◆ **GIVEN DATA**:
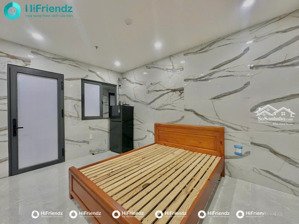studio có nội thất cơ bản khu vực làng đại học gần kí túc xá khu b đhqg. giá sinh viên 22m2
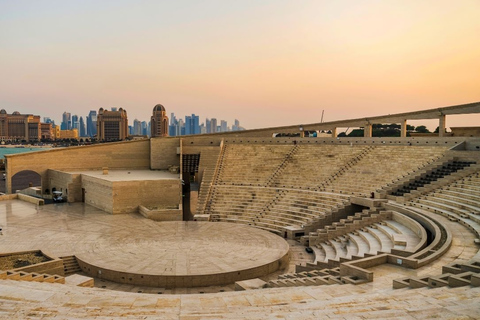 Doha : Visite guidée de Souq Waqif, Corniche, Katara, Pearl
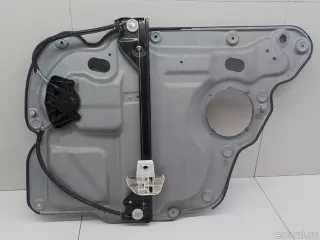 1T0839461P VAG Стеклоподъемник электрический задний левый Volkswagen Touran 2 Арт E84687072, вид 8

◆ **TASK DETAILS**: Begin the copy at the line containing "Doha : Visite" and end it at the final line of the material above, reproducing each line exactly and omitting pictures.

◆ **WRITTEN RESPONSE**:
 Doha : Visite guidée de Souq Waqif, Corniche, Katara, Pearl
 1T0839461P VAG Стеклоподъемник электрический задний левый Volkswagen Touran 2 Арт E84687072, вид 8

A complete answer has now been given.